The Obama administration thinks states aren’t being aggressive enough in tracking how teachers are prepared and making education schools accountable for results. Education Secretary Arne Duncan laid out an ambitious three-part plan this morning that the administration hopes will radically change how states measure the effectiveness of their teacher preparation programs, provide additional scholarship money for teachers in training and fund programs that aim to diversify the teaching workforce.
“Our shared goal is that every teacher should receive the high-quality preparation support they need so that every student can have the effective teacher they deserve,” Duncan said. “But unfortunately, we all know that the quality of teacher preparation programs today is very, very uneven. The current system that prepares our nation’s teachers offers no guarantees of quality for anyone.”
Duncan said the plan, called “Our Future, Our Teachers,” was inspired by research finding that nearly two-thirds of new teachers feel unprepared for the classroom and that only 15 percent of teachers in high poverty schools come from the top third of college graduates.
The administration wants measurement of a teacher training program’s effectiveness to move more toward outcome-based data like student performance on standardized tests, job placement and teacher retention rates. Duncan also said the plan would encourage states to ask education schools to get feedback on their programs from graduates and their principals.
Louisiana and Tennessee, both of which have state-wide data systems that track academic growth of a teacher’s students by the preparation program they attended, were called out as potential models for the rest of the country.
“It’s the outcomes that matter,” Duncan said at Education Sector, a non-partisan think tank that hosted a panel discussion where Duncan made the announcement. “For decades teacher preparation programs have had virtually no feedback loop to identify where their programs prepare well for the classroom and where they need to improve.”
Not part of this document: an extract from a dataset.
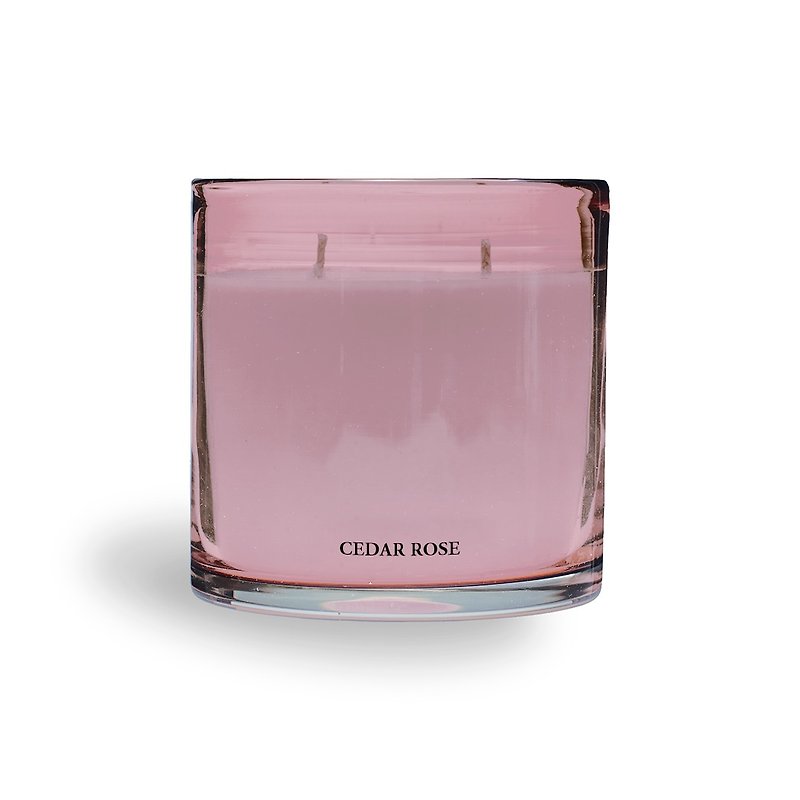 Sai Kung Candle - BeCandle – STUDIO Series Cedar Rose 400g - Candles & Candle Holders - Wax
Under this new plan, the Department of Education will assist states in developing more comprehensive data systems, reward good programs and help them scale up, but also help states reshape or close low performing programs.
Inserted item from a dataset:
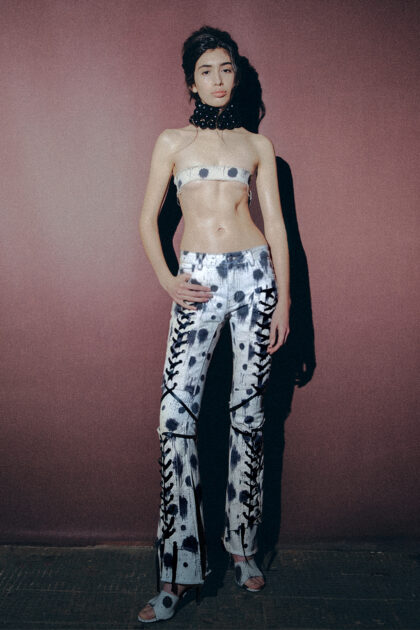 Polka Corset Jeans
Labeling a teacher training program ineffective is something that rarely happens. In 2010, Duncan noted that only 37 of more than 1,500 teacher preparation programs across America were deemed low performing, with more than half of states claiming to have no poor programs.
Our Future, Our Teachers was widely welcomed as a huge step in the right direction by groups with different agendas. Dennis Van Roekel, president of National Education Association, the nation’s largest teachers union, called it “a good day.” This sentiment was echoed by Wendy Kopp, CEO and founder of Teach For America, an alternative certification program for teachers, and heads of education schools and national organizations like The National Center for Teacher Quality.
“It’s a nice change of tone,” Van Roekel said. “To talk about building up the profession instead of tearing it down.”
The new plan will give high achieving students up to $10,000 in the last year of their teacher preparation program.
The final element of the plan is a $40 million dollar proposal that would support teacher training programs in minority-serving institutions. It will fund Augustus Hawkins Centers of Excellence across the country with up to $2 million to diversify a teaching workforce that has become whiter and more female in recent years.